Task instructions ▸
Restate word for word the entries below, starting with the line with "LV M23742 Louis" and continuing through the line with "Outdoor Seating & Dining". Include both of those lines and no others.

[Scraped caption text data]
——————————
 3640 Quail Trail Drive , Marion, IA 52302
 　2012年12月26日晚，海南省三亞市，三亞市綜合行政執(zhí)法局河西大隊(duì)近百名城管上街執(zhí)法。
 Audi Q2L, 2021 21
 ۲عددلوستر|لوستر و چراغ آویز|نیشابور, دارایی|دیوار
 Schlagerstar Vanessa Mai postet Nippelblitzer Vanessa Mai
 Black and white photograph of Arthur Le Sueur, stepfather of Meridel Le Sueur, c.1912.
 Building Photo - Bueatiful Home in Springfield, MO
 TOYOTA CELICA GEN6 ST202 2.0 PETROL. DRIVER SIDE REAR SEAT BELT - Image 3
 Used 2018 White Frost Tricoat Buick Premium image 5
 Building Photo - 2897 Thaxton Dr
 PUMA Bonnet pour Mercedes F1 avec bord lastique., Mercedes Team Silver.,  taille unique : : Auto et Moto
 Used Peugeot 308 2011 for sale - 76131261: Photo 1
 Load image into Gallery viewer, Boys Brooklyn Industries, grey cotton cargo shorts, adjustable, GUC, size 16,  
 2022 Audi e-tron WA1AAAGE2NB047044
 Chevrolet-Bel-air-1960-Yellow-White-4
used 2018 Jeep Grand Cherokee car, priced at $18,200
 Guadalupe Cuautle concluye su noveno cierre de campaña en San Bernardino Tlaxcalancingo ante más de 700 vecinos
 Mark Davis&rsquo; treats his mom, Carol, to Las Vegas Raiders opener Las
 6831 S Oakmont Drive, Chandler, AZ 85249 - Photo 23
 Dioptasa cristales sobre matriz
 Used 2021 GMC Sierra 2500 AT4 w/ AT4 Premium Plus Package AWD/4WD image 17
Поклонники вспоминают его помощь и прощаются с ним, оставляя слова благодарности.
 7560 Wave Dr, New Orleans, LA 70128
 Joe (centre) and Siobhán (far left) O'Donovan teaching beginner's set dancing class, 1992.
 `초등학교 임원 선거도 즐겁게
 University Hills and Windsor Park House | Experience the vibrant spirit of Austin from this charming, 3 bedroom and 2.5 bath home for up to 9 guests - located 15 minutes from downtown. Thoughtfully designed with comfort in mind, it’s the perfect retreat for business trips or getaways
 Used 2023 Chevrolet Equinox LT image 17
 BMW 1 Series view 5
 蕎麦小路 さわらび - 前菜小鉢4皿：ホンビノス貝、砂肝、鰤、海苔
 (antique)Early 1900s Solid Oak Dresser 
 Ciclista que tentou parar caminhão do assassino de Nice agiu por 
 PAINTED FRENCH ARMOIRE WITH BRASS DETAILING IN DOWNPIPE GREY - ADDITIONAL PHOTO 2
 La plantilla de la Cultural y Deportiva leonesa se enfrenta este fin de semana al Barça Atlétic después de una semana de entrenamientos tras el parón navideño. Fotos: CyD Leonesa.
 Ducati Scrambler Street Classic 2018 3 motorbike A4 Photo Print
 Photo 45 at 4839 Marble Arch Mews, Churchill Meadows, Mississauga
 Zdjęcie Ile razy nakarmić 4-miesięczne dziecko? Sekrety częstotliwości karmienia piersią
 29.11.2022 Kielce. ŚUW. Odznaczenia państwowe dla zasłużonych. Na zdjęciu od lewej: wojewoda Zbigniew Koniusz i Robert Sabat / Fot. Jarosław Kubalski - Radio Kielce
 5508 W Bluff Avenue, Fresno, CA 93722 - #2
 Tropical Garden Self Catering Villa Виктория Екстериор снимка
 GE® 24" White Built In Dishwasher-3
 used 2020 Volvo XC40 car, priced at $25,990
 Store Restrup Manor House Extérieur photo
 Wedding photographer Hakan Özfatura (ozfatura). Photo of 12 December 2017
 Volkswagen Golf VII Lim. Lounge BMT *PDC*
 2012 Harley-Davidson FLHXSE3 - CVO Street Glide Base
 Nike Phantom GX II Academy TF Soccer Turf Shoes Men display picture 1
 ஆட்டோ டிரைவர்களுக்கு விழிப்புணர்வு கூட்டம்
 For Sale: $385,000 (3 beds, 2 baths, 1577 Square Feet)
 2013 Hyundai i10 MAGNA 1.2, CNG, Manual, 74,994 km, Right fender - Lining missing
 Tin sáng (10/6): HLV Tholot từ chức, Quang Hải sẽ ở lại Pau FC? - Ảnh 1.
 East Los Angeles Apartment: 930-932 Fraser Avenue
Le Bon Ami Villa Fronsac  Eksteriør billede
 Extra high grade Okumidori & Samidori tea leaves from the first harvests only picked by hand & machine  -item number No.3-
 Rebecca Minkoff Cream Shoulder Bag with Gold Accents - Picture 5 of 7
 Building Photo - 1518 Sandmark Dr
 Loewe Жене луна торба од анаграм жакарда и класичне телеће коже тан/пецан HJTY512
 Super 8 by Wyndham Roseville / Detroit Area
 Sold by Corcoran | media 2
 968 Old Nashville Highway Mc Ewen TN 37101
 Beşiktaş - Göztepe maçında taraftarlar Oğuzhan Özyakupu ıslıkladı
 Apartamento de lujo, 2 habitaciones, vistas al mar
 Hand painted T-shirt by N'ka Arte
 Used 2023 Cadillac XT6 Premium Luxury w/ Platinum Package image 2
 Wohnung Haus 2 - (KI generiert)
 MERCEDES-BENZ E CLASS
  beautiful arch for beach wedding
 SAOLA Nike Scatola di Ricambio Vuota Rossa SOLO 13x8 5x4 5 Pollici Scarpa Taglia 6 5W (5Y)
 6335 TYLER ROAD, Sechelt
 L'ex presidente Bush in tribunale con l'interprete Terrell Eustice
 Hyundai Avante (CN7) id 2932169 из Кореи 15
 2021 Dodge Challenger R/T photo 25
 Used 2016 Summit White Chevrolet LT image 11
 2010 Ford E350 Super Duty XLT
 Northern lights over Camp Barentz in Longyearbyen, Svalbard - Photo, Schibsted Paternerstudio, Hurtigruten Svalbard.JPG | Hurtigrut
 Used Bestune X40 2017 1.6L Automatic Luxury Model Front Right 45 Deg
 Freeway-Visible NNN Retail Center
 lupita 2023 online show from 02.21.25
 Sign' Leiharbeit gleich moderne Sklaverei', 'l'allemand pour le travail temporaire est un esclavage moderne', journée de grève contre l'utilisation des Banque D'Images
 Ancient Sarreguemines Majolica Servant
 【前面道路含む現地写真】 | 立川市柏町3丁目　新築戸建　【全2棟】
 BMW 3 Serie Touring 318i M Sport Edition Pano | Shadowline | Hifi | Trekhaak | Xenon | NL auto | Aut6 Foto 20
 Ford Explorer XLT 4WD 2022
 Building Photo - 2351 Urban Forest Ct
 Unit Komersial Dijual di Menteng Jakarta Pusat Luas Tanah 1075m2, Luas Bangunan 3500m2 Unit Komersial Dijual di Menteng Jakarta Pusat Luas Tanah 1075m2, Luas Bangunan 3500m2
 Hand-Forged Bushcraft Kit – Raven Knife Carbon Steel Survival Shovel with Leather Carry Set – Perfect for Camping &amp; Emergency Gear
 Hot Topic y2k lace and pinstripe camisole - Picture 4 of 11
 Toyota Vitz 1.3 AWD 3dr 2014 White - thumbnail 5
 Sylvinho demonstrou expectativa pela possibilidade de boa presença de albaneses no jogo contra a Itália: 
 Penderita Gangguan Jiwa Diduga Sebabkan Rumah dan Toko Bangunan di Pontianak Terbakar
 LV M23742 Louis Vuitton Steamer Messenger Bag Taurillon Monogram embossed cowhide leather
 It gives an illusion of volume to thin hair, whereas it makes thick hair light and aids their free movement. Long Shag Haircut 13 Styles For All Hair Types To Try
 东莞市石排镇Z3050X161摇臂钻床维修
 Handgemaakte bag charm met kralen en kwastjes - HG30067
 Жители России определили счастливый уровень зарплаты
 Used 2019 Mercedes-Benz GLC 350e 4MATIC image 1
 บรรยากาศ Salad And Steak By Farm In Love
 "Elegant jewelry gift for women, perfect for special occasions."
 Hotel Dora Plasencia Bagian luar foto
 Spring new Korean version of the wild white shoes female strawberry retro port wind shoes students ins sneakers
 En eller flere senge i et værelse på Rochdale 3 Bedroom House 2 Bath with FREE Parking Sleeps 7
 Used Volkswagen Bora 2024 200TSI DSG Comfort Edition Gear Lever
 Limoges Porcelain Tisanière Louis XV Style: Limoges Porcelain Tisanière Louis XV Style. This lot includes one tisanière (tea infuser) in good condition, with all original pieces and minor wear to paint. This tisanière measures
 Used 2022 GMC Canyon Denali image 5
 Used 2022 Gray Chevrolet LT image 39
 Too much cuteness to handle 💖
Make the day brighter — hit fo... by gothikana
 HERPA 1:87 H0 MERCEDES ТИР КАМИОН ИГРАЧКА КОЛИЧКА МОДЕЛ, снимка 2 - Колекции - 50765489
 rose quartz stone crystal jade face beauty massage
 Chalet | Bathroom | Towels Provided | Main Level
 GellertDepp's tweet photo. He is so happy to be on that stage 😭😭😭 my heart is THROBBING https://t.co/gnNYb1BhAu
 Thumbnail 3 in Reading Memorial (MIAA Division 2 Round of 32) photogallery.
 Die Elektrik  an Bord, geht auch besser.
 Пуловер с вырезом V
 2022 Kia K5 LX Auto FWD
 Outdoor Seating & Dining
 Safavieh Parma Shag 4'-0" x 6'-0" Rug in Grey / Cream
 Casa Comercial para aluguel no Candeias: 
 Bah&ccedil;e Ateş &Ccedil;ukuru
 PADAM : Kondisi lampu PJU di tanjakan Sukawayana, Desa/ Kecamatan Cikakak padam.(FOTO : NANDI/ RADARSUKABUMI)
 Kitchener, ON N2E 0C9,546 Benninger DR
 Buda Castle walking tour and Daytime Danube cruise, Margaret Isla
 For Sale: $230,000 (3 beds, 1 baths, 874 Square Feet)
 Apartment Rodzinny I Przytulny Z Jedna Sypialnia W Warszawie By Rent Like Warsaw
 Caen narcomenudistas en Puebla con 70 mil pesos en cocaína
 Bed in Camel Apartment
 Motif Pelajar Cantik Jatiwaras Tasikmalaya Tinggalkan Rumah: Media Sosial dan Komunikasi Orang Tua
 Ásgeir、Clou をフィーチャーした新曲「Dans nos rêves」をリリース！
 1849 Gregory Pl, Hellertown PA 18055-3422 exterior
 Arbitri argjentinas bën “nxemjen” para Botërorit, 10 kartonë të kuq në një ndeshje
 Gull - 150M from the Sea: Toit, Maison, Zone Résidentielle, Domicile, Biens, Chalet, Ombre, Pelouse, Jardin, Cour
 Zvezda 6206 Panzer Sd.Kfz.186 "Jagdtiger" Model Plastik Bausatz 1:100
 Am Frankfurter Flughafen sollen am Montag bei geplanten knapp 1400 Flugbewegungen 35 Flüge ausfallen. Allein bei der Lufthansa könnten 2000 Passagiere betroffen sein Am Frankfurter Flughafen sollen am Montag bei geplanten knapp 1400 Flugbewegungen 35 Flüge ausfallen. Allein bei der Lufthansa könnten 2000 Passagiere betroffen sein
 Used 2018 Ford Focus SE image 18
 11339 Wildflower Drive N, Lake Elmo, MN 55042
——————————
Task answer ▸
 LV M23742 Louis Vuitton Steamer Messenger Bag Taurillon Monogram embossed cowhide leather
 It gives an illusion of volume to thin hair, whereas it makes thick hair light and aids their free movement. Long Shag Haircut 13 Styles For All Hair Types To Try
 东莞市石排镇Z3050X161摇臂钻床维修
 Handgemaakte bag charm met kralen en kwastjes - HG30067
 Жители России определили счастливый уровень зарплаты
 Used 2019 Mercedes-Benz GLC 350e 4MATIC image 1
 บรรยากาศ Salad And Steak By Farm In Love
 "Elegant jewelry gift for women, perfect for special occasions."
 Hotel Dora Plasencia Bagian luar foto
 Spring new Korean version of the wild white shoes female strawberry retro port wind shoes students ins sneakers
 En eller flere senge i et værelse på Rochdale 3 Bedroom House 2 Bath with FREE Parking Sleeps 7
 Used Volkswagen Bora 2024 200TSI DSG Comfort Edition Gear Lever
 Limoges Porcelain Tisanière Louis XV Style: Limoges Porcelain Tisanière Louis XV Style. This lot includes one tisanière (tea infuser) in good condition, with all original pieces and minor wear to paint. This tisanière measures
 Used 2022 GMC Canyon Denali image 5
 Used 2022 Gray Chevrolet LT image 39
 Too much cuteness to handle 💖
Make the day brighter — hit fo... by gothikana
 HERPA 1:87 H0 MERCEDES ТИР КАМИОН ИГРАЧКА КОЛИЧКА МОДЕЛ, снимка 2 - Колекции - 50765489
 rose quartz stone crystal jade face beauty massage
 Chalet | Bathroom | Towels Provided | Main Level
 GellertDepp's tweet photo. He is so happy to be on that stage 😭😭😭 my heart is THROBBING https://t.co/gnNYb1BhAu
 Thumbnail 3 in Reading Memorial (MIAA Division 2 Round of 32) photogallery.
 Die Elektrik  an Bord, geht auch besser.
 Пуловер с вырезом V
 2022 Kia K5 LX Auto FWD
 Outdoor Seating & Dining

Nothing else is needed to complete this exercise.